* EXERCISE DIRECTIONS *
All lines from the one containing "Convenience Concepts Designs2Go" through the last line of the listing below are to be copied exactly. Exclude the pictures.

* DATA IN THIS EXERCISE *
────────

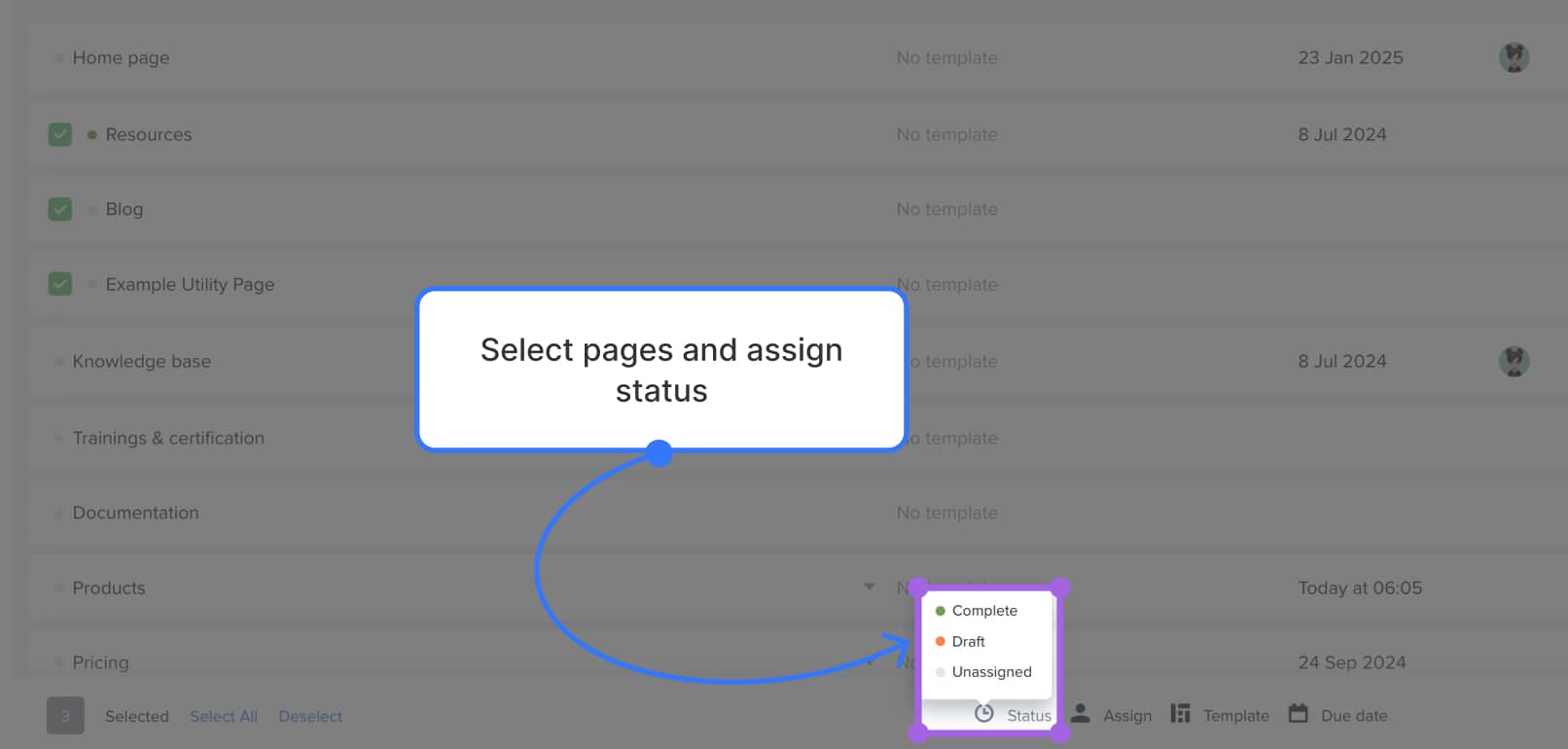 Content Planner's bulk action bar opened with status assignment dropdown expanded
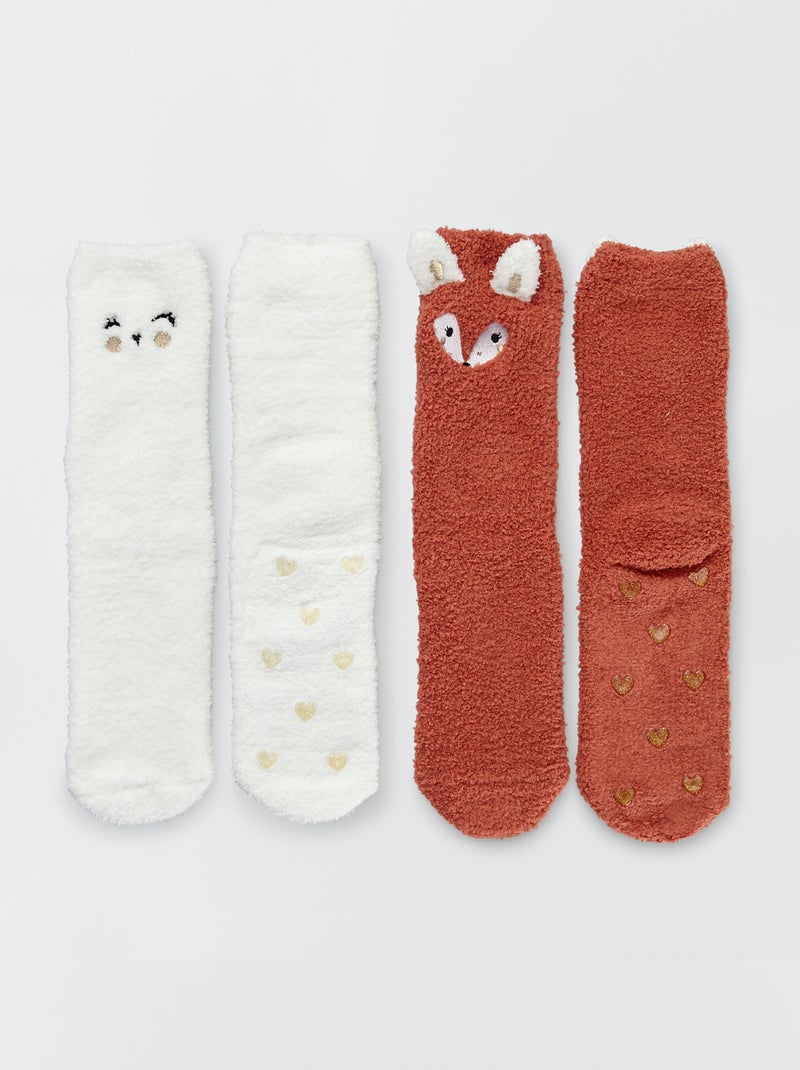 Lote de 2 pantufas tipo meia 'animais' CINZA - Kiabi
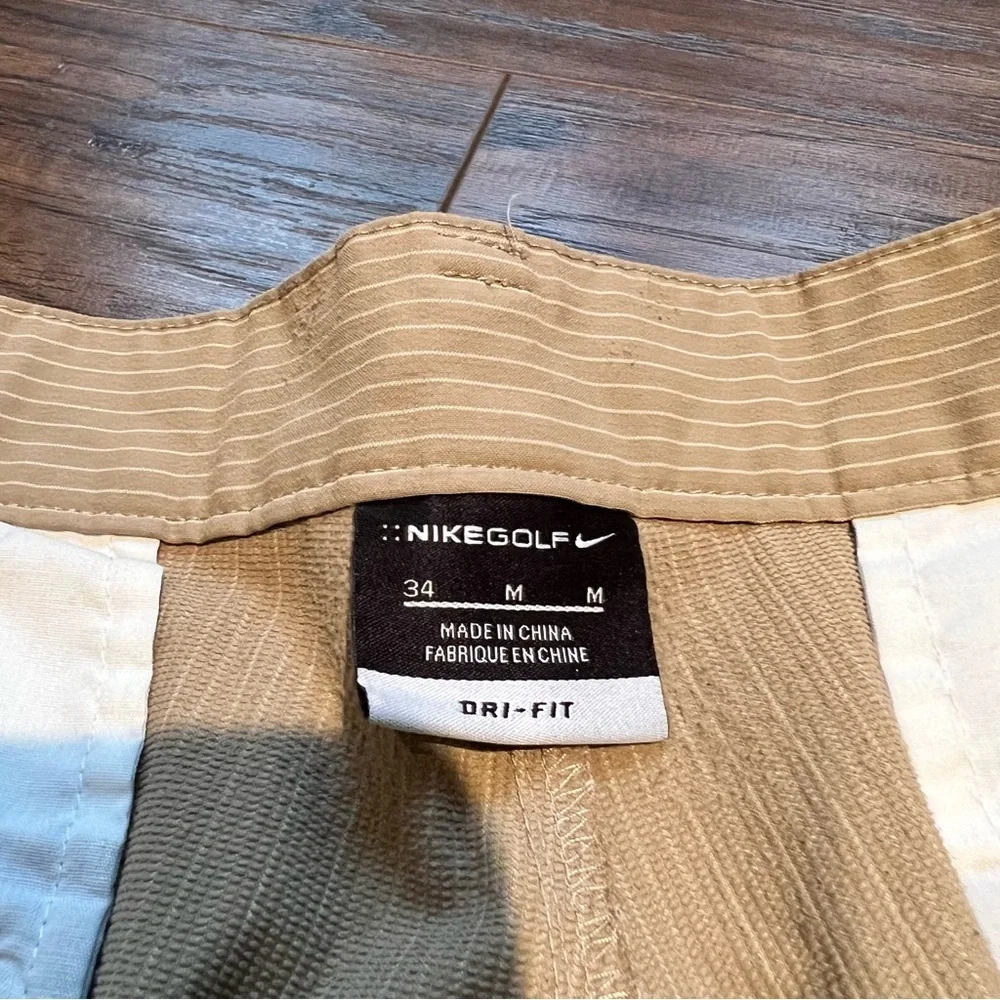 Nike Golf Dri-Fit Khaki Performance Shorts with White Pinstripes | 34 - M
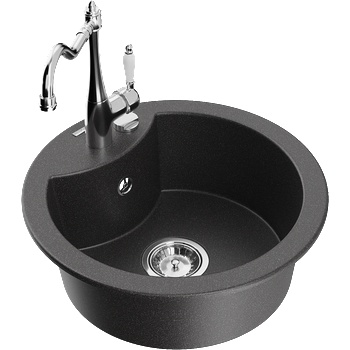 Mexen Diego гранитна мивка с 1 корито и кухненски смесител Carla, черно на пръски - 6512-76-670700-00 (6512-76-670700-00)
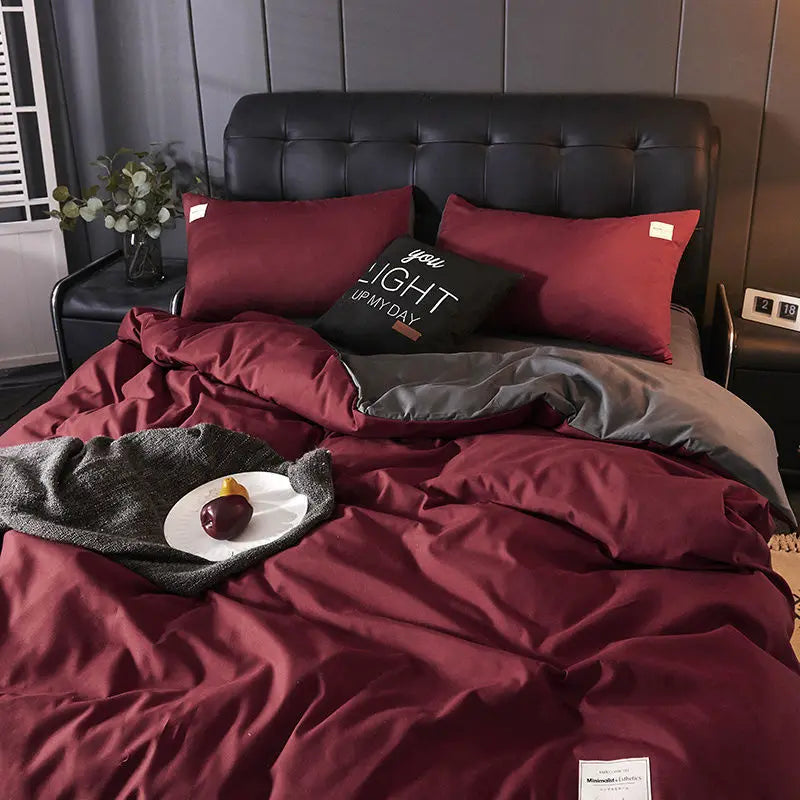 Solid Blue Duvet Cover Set Flat Sheet with Pillowcases 2023 New Twin Full Size Boys Girls Bed Linen Grey Green Bedding Kit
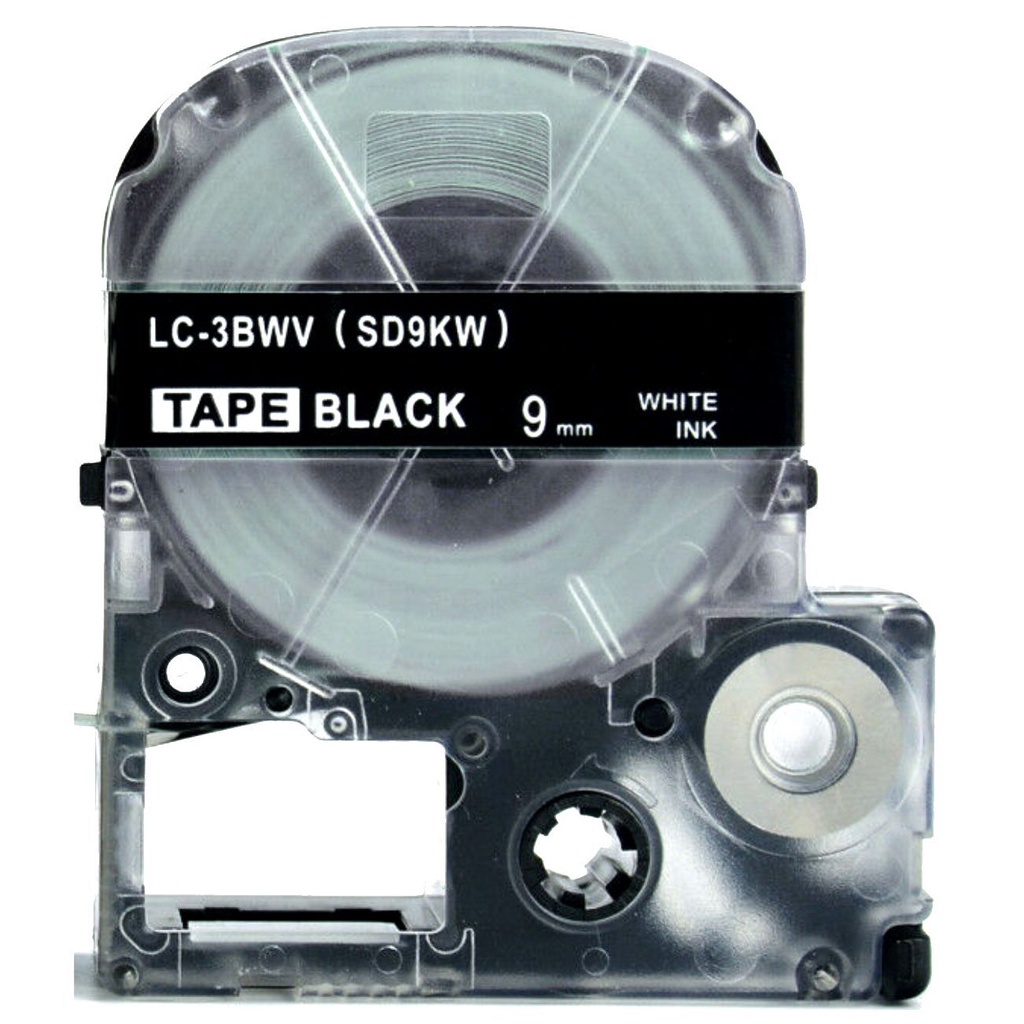 Fita LC-3BWV SD9KW Para Rotulador EPSON 9mm Branco / Preto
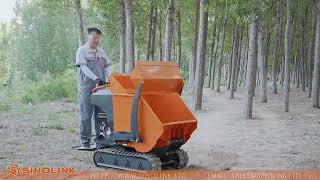 Sinolink Gasoline Engine Driven Crawler Max Load 500kg Mini Dumper Excavating Machinery Site Garden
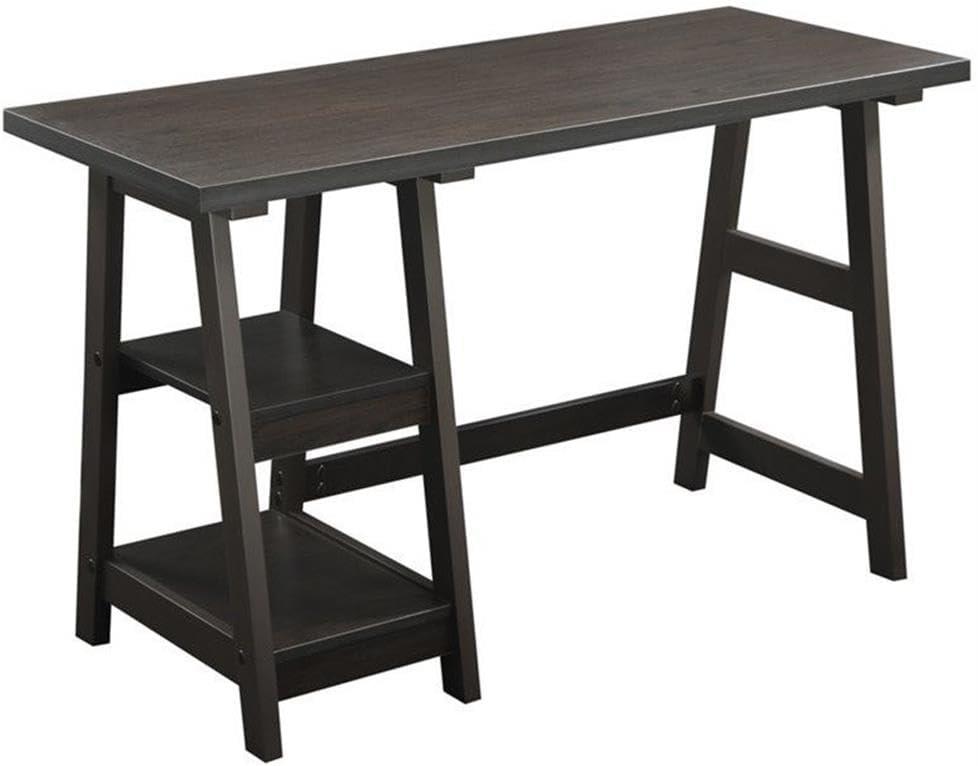 Convenience Concepts Designs2Go 29.25" Tall Trestle Desk with Shelves, Espresso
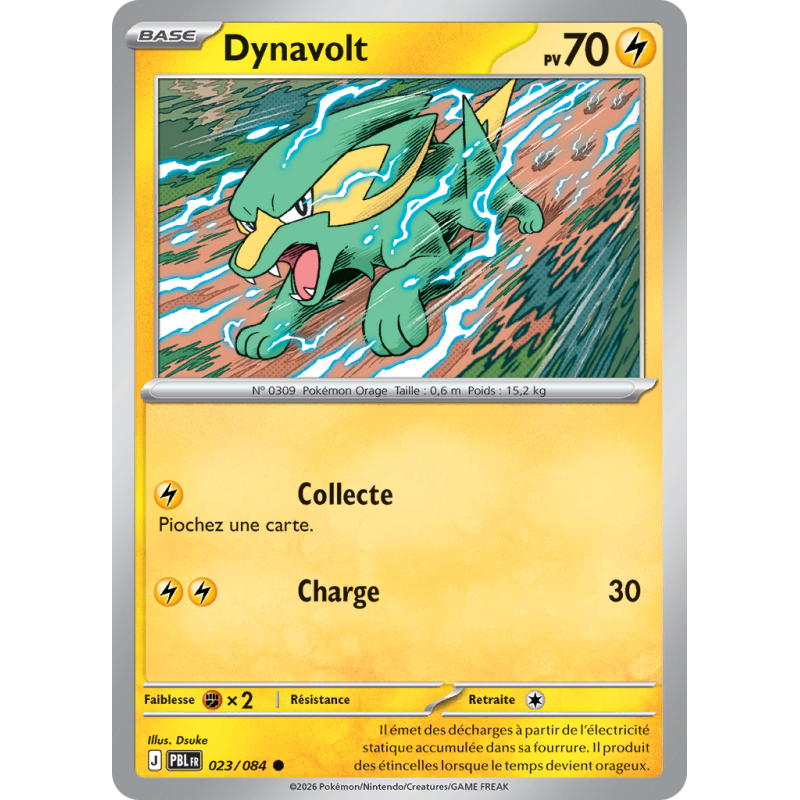 Carte Pokémon Dynavolt 023/084 Commune Nuit Noire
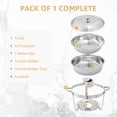 thumbnail image 4 of Jacgood 8 Pack Chafing Dish Buffet Set, 5QT Round Buffet Servers and Warmers Set, Silver Stainless Steel Food Warmer with Lid for Party, 4 of 8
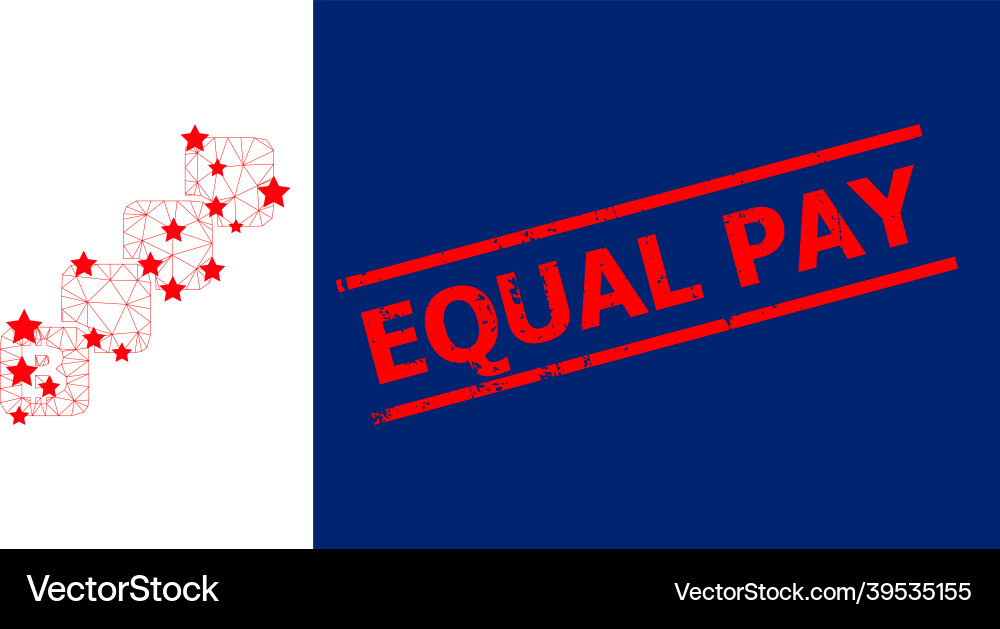 Equal pay textured seal and bitcoin blockchain Equal pay textured seal and bitcoin blockchain vector image
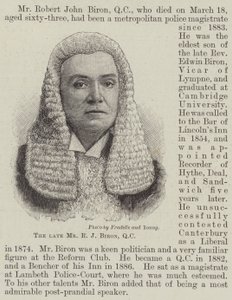 Feu M. R J Biron, QC (gravure)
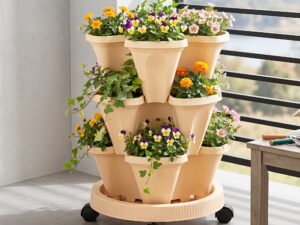 Green Fingers 3 Tier Stackable Vertical Planter Tower Strawberry Pot Wheels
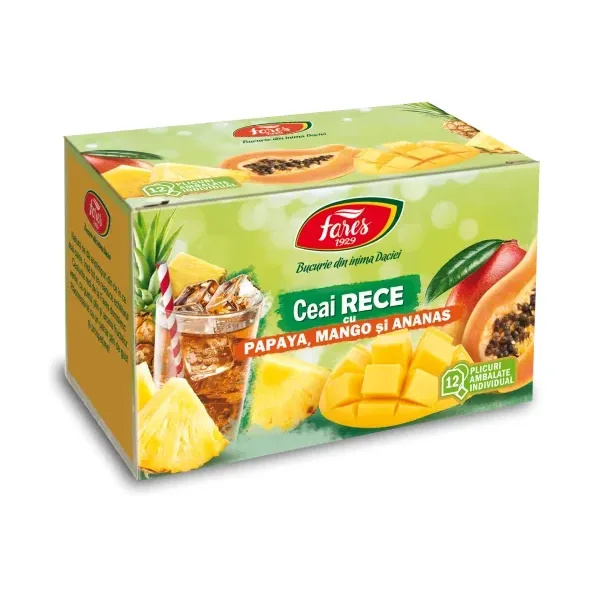 Ceai rece cu papaya, mango și ananas, ceai la plic ambalat individual - Fares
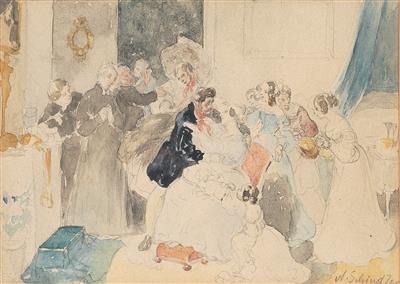 Familienfeier zur Taufe by Albert Schindler - Auction record, sale price, and art valuation. Compare with similar artists and explore comparable artworks.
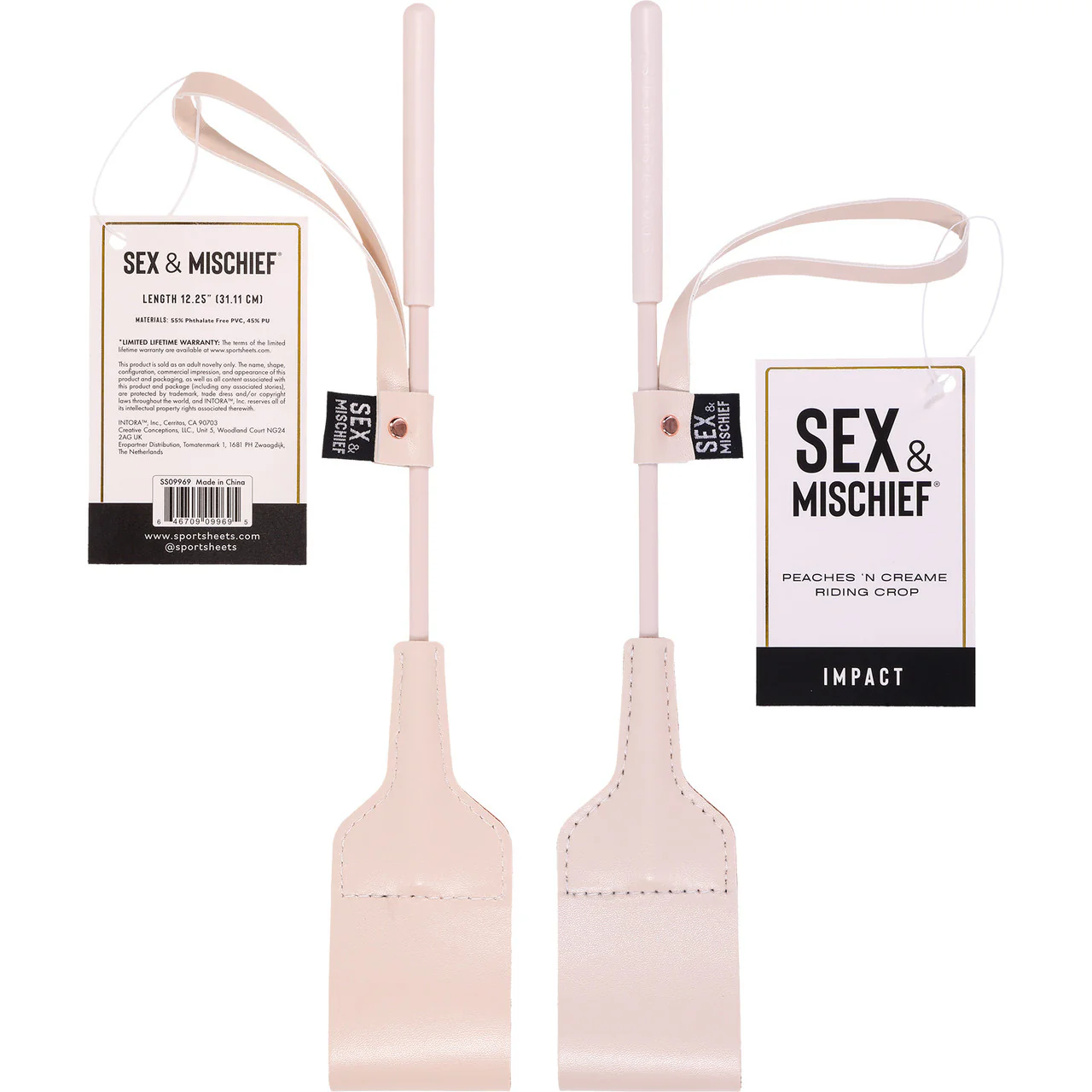 Sex & Mischief Peaches 'n CreaMe Riding Crop By Sportsheets - Rose Gold & Peach - Image 6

────────

* PROBLEM SOLUTION *
 Convenience Concepts Designs2Go 29.25" Tall Trestle Desk with Shelves, Espresso
 Carte Pokémon Dynavolt 023/084 Commune Nuit Noire
 thumbnail image 4 of Jacgood 8 Pack Chafing Dish Buffet Set, 5QT Round Buffet Servers and Warmers Set, Silver Stainless Steel Food Warmer with Lid for Party, 4 of 8
 Equal pay textured seal and bitcoin blockchain Equal pay textured seal and bitcoin blockchain vector image
 Feu M. R J Biron, QC (gravure)
 Green Fingers 3 Tier Stackable Vertical Planter Tower Strawberry Pot Wheels
 Ceai rece cu papaya, mango și ananas, ceai la plic ambalat individual - Fares
 Familienfeier zur Taufe by Albert Schindler - Auction record, sale price, and art valuation. Compare with similar artists and explore comparable artworks.
 Sex & Mischief Peaches 'n CreaMe Riding Crop By Sportsheets - Rose Gold & Peach - Image 6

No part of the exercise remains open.